* [Given material]:
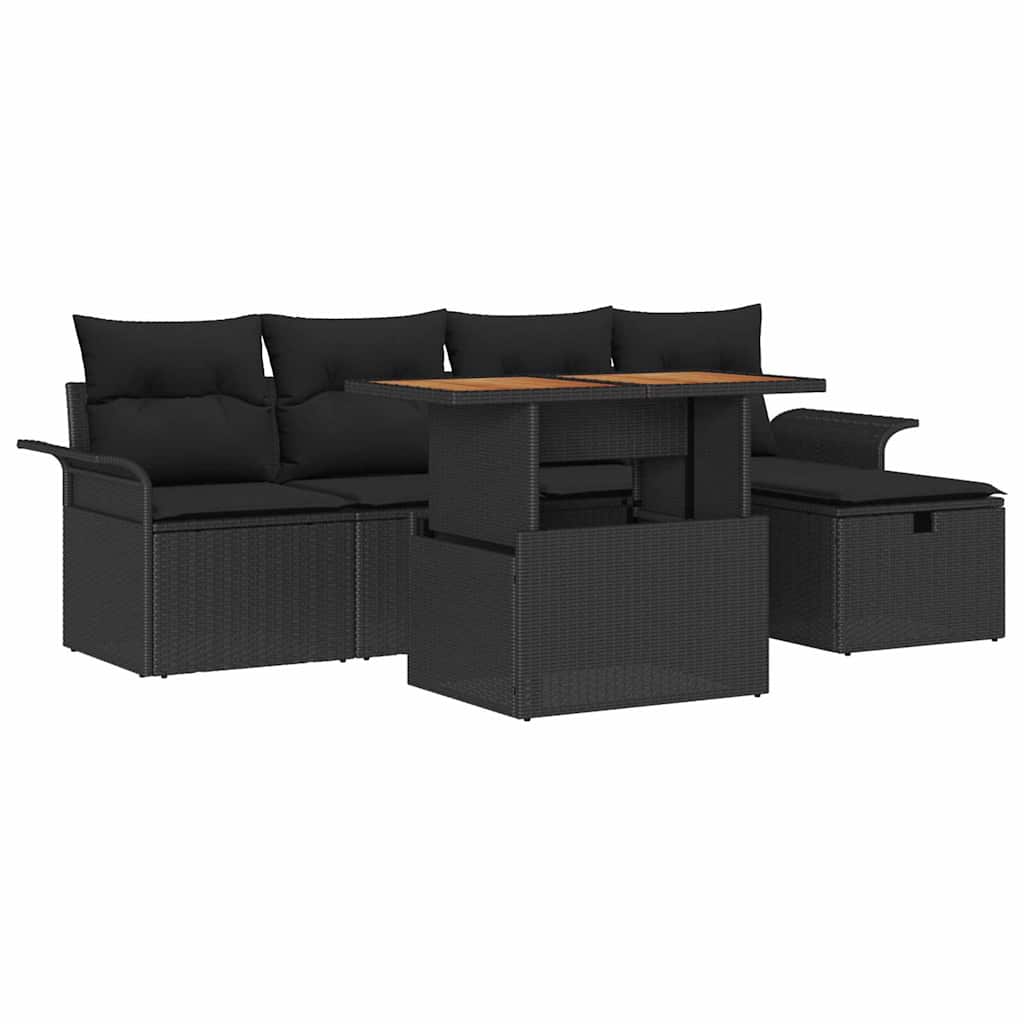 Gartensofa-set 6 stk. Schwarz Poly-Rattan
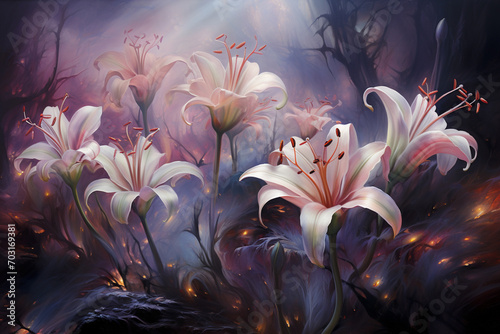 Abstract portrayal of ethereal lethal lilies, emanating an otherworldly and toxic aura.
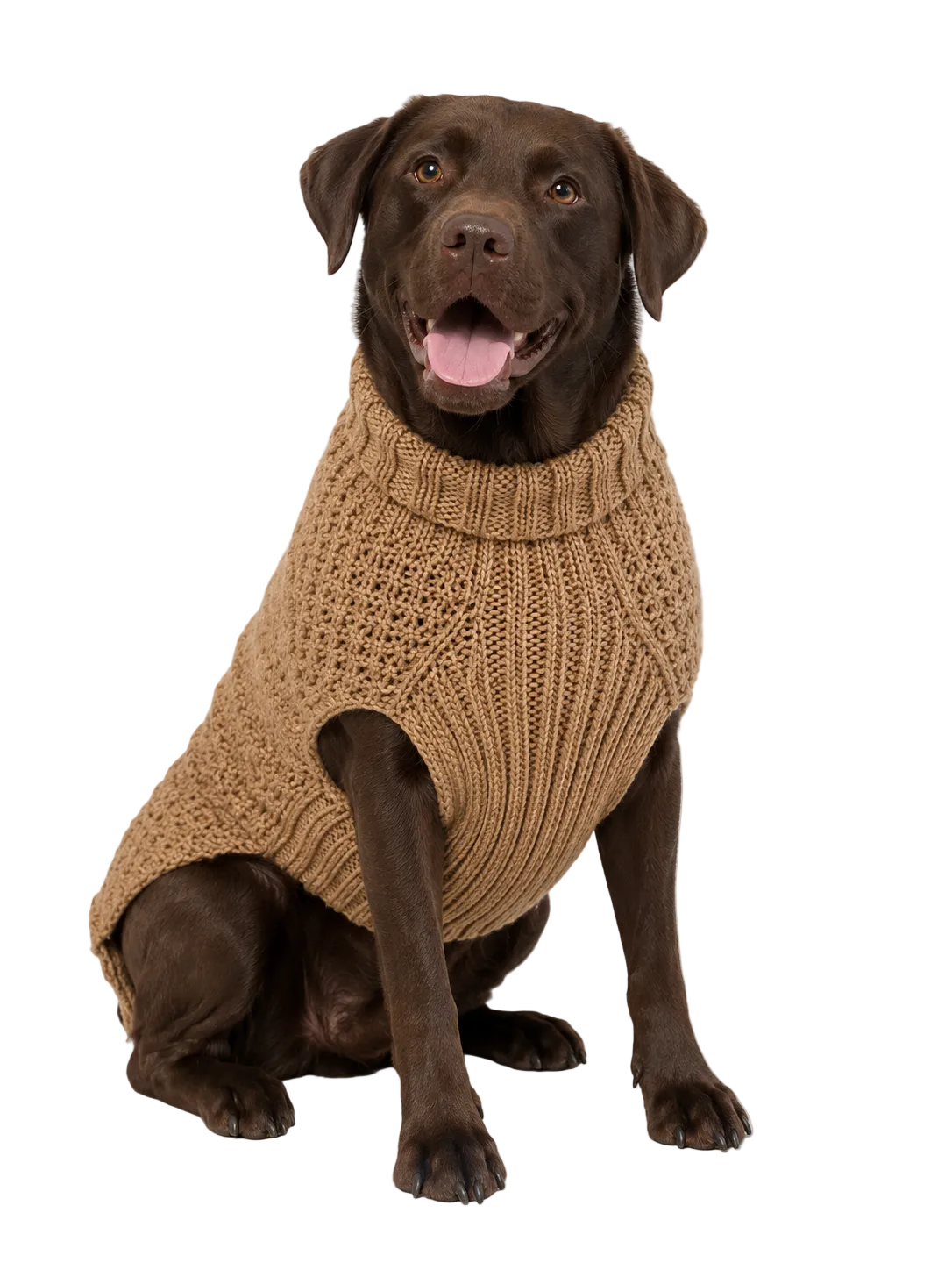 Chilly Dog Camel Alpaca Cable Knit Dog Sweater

* [Problem]: Wherever a picture appears in the data, please drop it and retype the rest exactly.

* [Exercise output]:
 Gartensofa-set 6 stk. Schwarz Poly-Rattan
 Abstract portrayal of ethereal lethal lilies, emanating an otherworldly and toxic aura.
 Chilly Dog Camel Alpaca Cable Knit Dog Sweater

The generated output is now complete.